PROMPT - In your copy of the data, include no pictures and alter nothing else.

<<<<

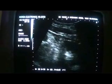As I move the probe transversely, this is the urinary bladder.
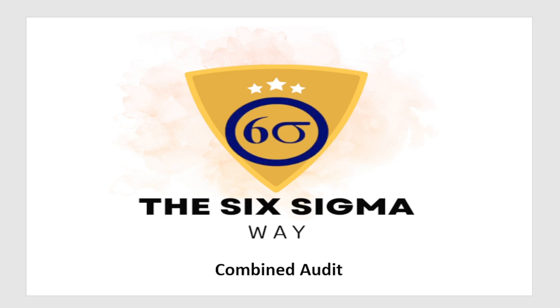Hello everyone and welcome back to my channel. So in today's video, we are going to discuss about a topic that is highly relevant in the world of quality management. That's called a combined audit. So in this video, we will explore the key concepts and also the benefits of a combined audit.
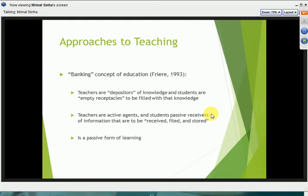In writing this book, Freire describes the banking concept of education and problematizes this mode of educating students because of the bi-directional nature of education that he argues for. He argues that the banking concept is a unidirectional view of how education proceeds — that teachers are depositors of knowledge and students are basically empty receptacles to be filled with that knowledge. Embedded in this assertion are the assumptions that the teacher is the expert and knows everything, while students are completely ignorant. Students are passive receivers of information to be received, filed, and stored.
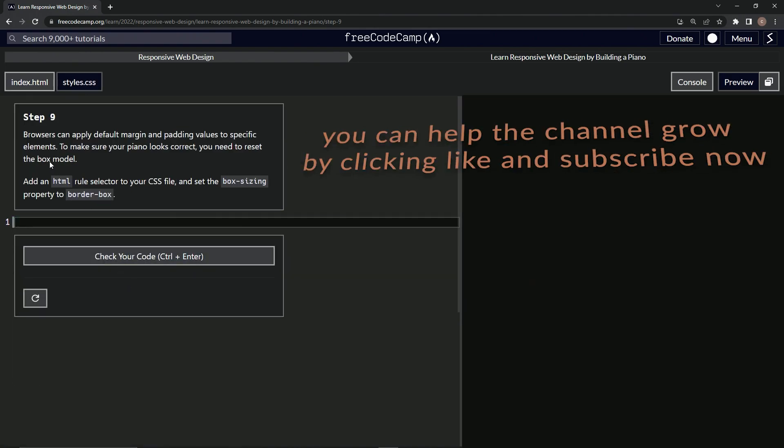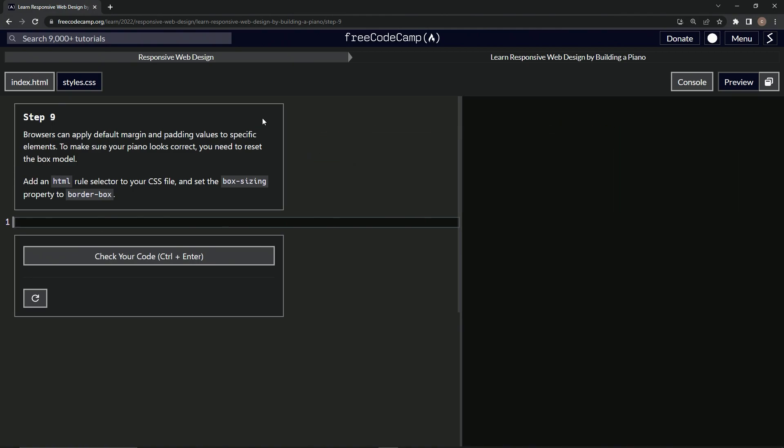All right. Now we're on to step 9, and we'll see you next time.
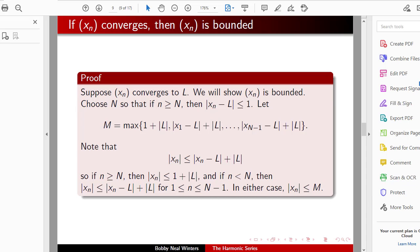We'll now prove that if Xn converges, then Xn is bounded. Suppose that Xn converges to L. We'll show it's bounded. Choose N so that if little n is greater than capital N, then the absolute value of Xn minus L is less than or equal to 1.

>>>>

ANSWER SECTION -
As I move the probe transversely, this is the urinary bladder.
Hello everyone and welcome back to my channel. So in today's video, we are going to discuss about a topic that is highly relevant in the world of quality management. That's called a combined audit. So in this video, we will explore the key concepts and also the benefits of a combined audit.
In writing this book, Freire describes the banking concept of education and problematizes this mode of educating students because of the bi-directional nature of education that he argues for. He argues that the banking concept is a unidirectional view of how education proceeds — that teachers are depositors of knowledge and students are basically empty receptacles to be filled with that knowledge. Embedded in this assertion are the assumptions that the teacher is the expert and knows everything, while students are completely ignorant. Students are passive receivers of information to be received, filed, and stored.
All right. Now we're on to step 9, and we'll see you next time.
We'll now prove that if Xn converges, then Xn is bounded. Suppose that Xn converges to L. We'll show it's bounded. Choose N so that if little n is greater than capital N, then the absolute value of Xn minus L is less than or equal to 1.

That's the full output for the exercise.